Review: “The Great Successor” By Ha Tae-Keung


This book was provided to me by Hungry Dictator Press, via NetGalley, for the purposes of reading and reviewing it. Although this book was provided at no cost to me, I am under no obligation to provide a positive review.

Due to my years of studying taekwon-do and other martial arts, I’m quite fascinated by Korean culture, even to the point of working to learn the language. With that in mind, this collection of political cartoons on the subject Kim Jong-Un’s succession as the leader of North Korea was right in my wheelhouse.

The folks who put this together are members of Open Radio for North Korea, and as the name suggests, they are not afraid to be brutally honest about what they see going on in North Korea. This collection of cartoons certainly pulls no punches.

Gathered here are cartoons that cover all three of Kim Jong-Il’s sons and tells of their history. Along the way we find out why Kim Jong-Un, the third son of Kim Jong-Il, ends up taking over instead of his older brother or half-brother.

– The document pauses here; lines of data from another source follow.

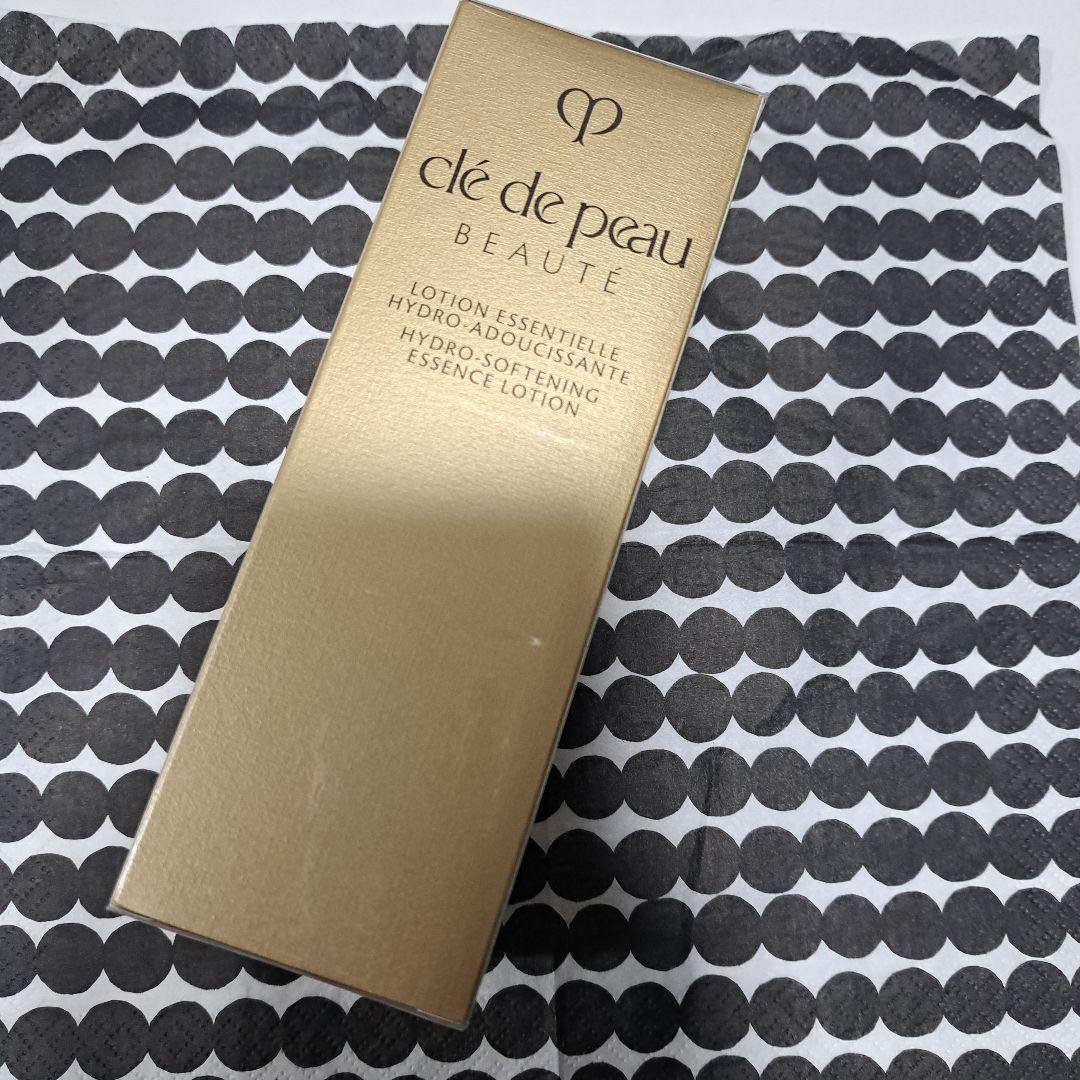 ローションエサンシエルA レフィル ローションエサンシエルA（レフィル）|クレ・ド・ポー ボーテ|化粧水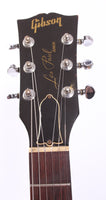 1989 Gibson Les Paul Junior sunburst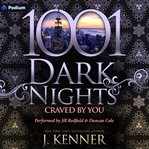 Craved by You: A Stark Security Novella cover image cdn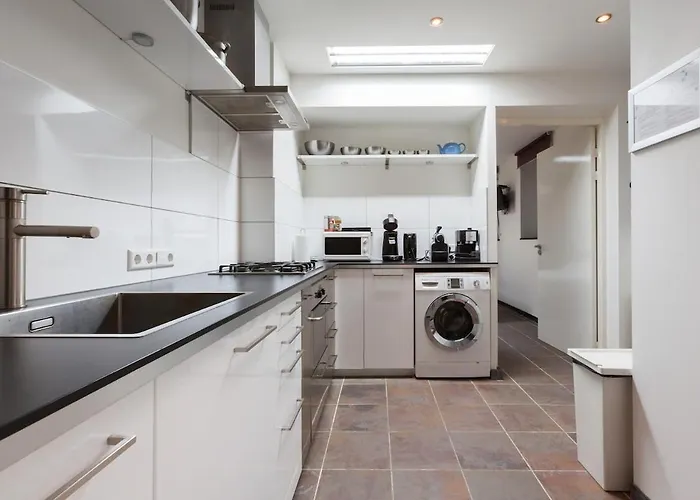 Independent Basement Apartment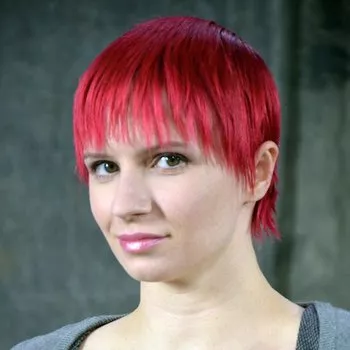 Pornostar Claire Adams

What I enjoyed about it most was that it was obviously written in Korean first. While the narrative is done in English, there is plenty of Korean left in the panels, especially showing sound effects, labels on people and items, etc. Fortunately for those who don’t speak Korean, those remnants are helpfully translated, usually in the form of footnotes.

It also appears this collection ends in 2010 as that is one of the latest dates mentioned, plus it doesn’t address Kim Jong-Il’s death in December 2011 much less Kim Jong-Un’s formal ascension to power. It’s a shame it took so long to get here in America.

What I got the most from this collection was the glimmer of hope in North Korea. While the prospects of Kim Jong-Un becoming anything but a third-generation despot are slim, things are changing in North Korea. More and more often, its citizens are getting glimpses of what the rest of the world has to offer and, more importantly, how their living conditions truly compare to other countries. When this becomes too stark of a reality for them to take anymore, perhaps there will be a change. For the sake of those citizens, I hope it’s soon.